## ASSIGNMENT
Without the pictures, copy all of the data exactly.

START SUPPLIED DATA

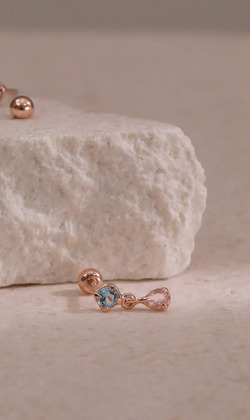 Essence 質粹 | 純銀鍍18K金耳環 | 轉動的故事。海藍寶石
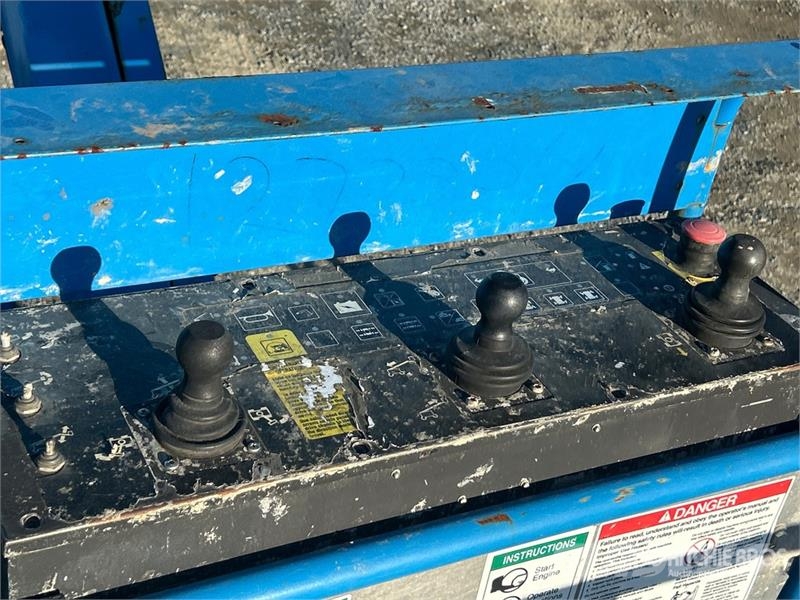 Genie S-125 4WD Diesel Telescopic Boom Lift Nacelles télescopiques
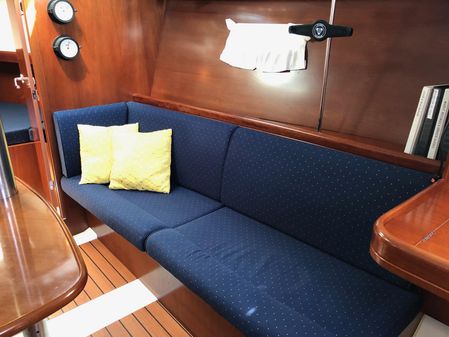 Beneteau 373 image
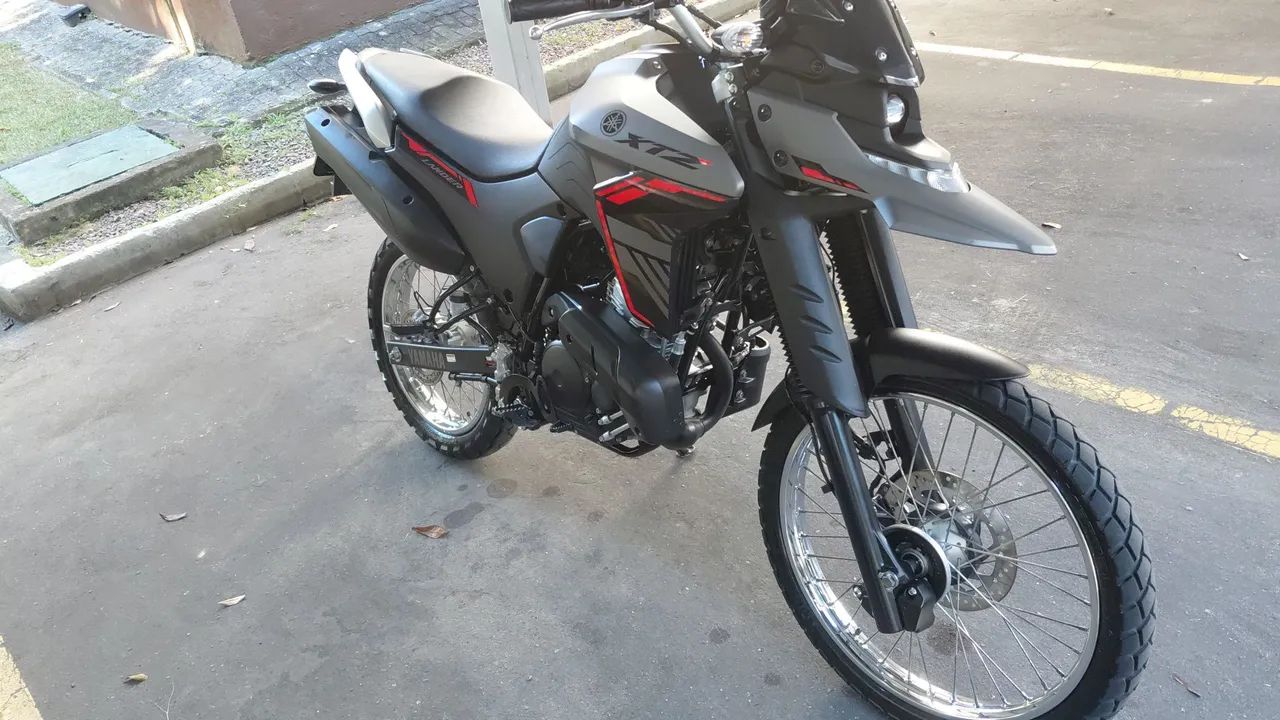 XTZ LANDER 250  - Foto 2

END SUPPLIED DATA

## TASK OUTPUT
 Essence 質粹 | 純銀鍍18K金耳環 | 轉動的故事。海藍寶石
 Genie S-125 4WD Diesel Telescopic Boom Lift Nacelles télescopiques
 Beneteau 373 image
 XTZ LANDER 250  - Foto 2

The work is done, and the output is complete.